On Jun 29, 2009, at 3:10 AM, Stéphane Rollandin wrote:
now, seriously: I never said things should not be cleaned up. my view about backward compatibility and progress is quite balanced, to me. I'm sorry I can't make it convincing, and sorry to end up being considered as an extremist opposed to any change.
Stef
I applaud your efforts - all of you - on the creation side.
I abandoned my Python base this last year because I got tired of the language changing. This system was the result of 10 years of part- time development. I like most of the changes to the language over the years, especially as they firmed up the OO aspects (names spaces, etc.), I just simply got tired of rewriting my code every time a new version came out and I wanted to utilize the features. And sometimes that was because some 3rd party library wasn't being ported to the new version and I was forced to adopt a new library. (Sure, I am being a little dramatic, as not every change was so radical as to require rewrites.)
I had some interest in C++ in the mid-1980's... but I did not like that the language definition kept changing (in that era). Fortunately I discovered smalltalk and objective-c around that time. Although, because of the lack of stable (multi-platform) support for objective- C, my shop ended up rolling our own dynamic messaging system (change- notification manager, and all the bells and whistles) in straight-up C... because we knew we would always be able to compile C.

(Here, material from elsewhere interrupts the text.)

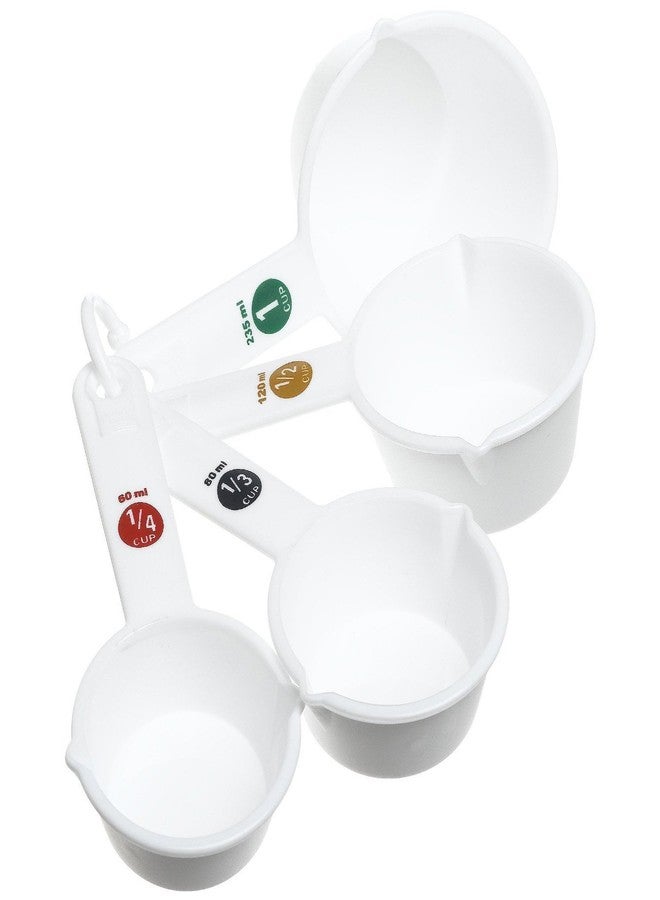 GoodCook BRADSHAW INTERNATIONAL 19860 4-Piece Measuring Cup Set - Image 1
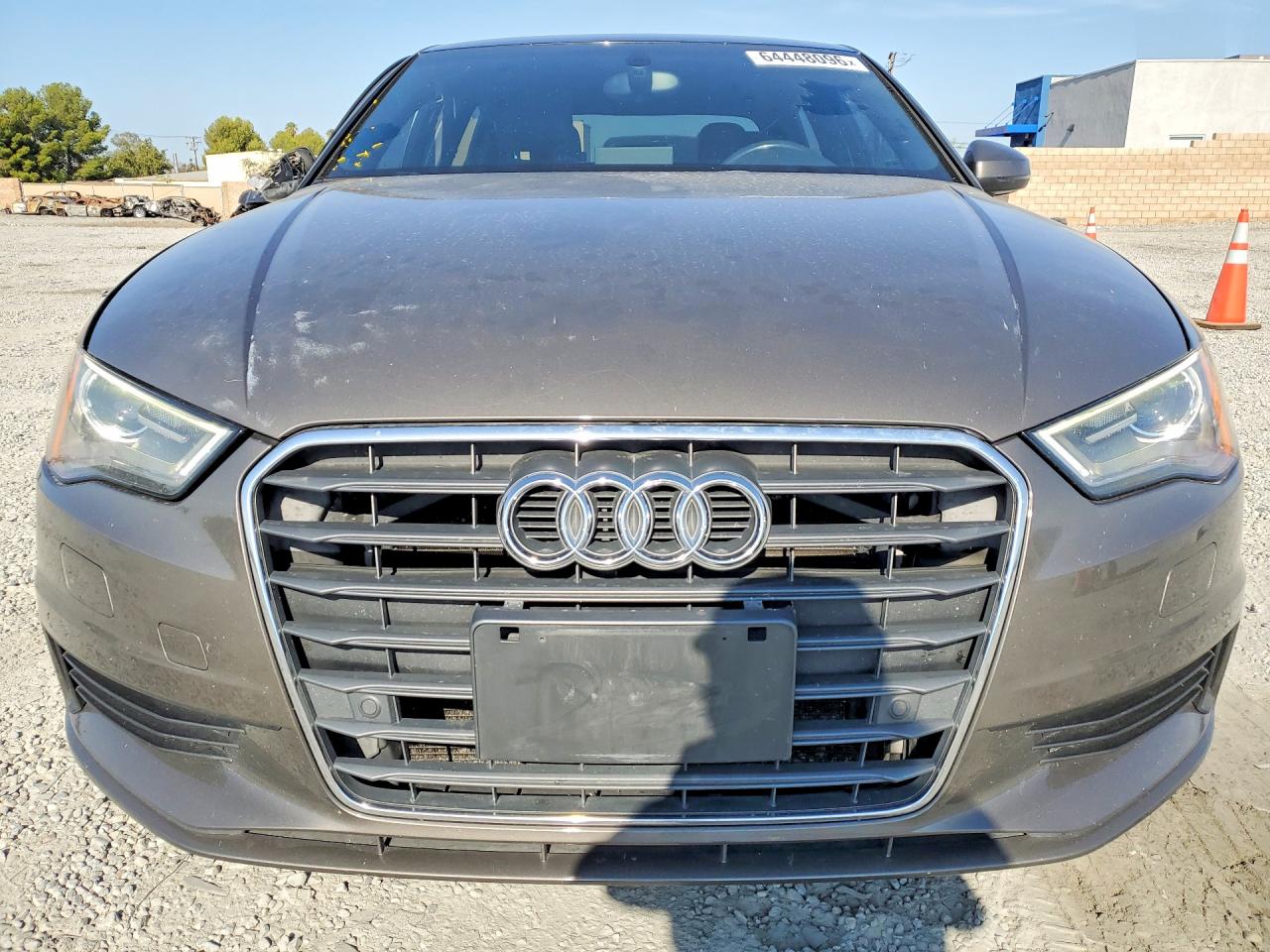 2015 Audi A3 Premium Plus Brown vin: WAUCJGFF1F1097661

For people to get serious about building large apps in Pharo -- and the following may not be one's goal, depending on who we are talking about -- it MUST have a stable interface (set of methods) to some core classes. Ideally, the core environment should have the minimal interface that is guaranteed not to change. The implementation can be whatever fulfills the behavioral requirements best at the time; the end user (a programmer) does not care, so long as a given interface provides a predictable behavior across versions.
Is this a good time to talk about packages and namespaces? As a user (programmer), it would be nice to be able to specify which extensions (or behavioral overrides) to the core classes to enable. Ideally these extension sets/definitions could co-exist in the same image... but that is NOT required to provide the capability. It seems that a such capabilities would allow one to clean up the core, without abandoning existing interfaces; and hence, without completely breaking legacy code, e.g. to have #isKindOf:orOf: perhaps you need to import, or load the package KitchenSink. It *seems* that such capabilities could help bridge any future gaps between Squeak & Pharo, for example.
Of course, having these capabilities is one thing, and going through and scrubbing the code is another. Which, aside from the effort, still requires a committee to decide what is core (and to be permanently supported) and what is not.
-- back to broad adoption issues...
Speed/performance is also important in order to make Pharo appeal to a broader audience. Xupery might solve the problem. (I assume the C code generated has been highly optimized -- does any person "in the know" believe there is an opportunity for improving the C code?)
--
[Did I write something like this last week? I think i did, and then deleted it -- if this is a repeat, my apologies.]
Pharo is great. And for my development, I simply do not perform the updates very often, because I do not want to risk entering a debugging cycle on things that currently work. But the momentum is exciting and is part of the attraction!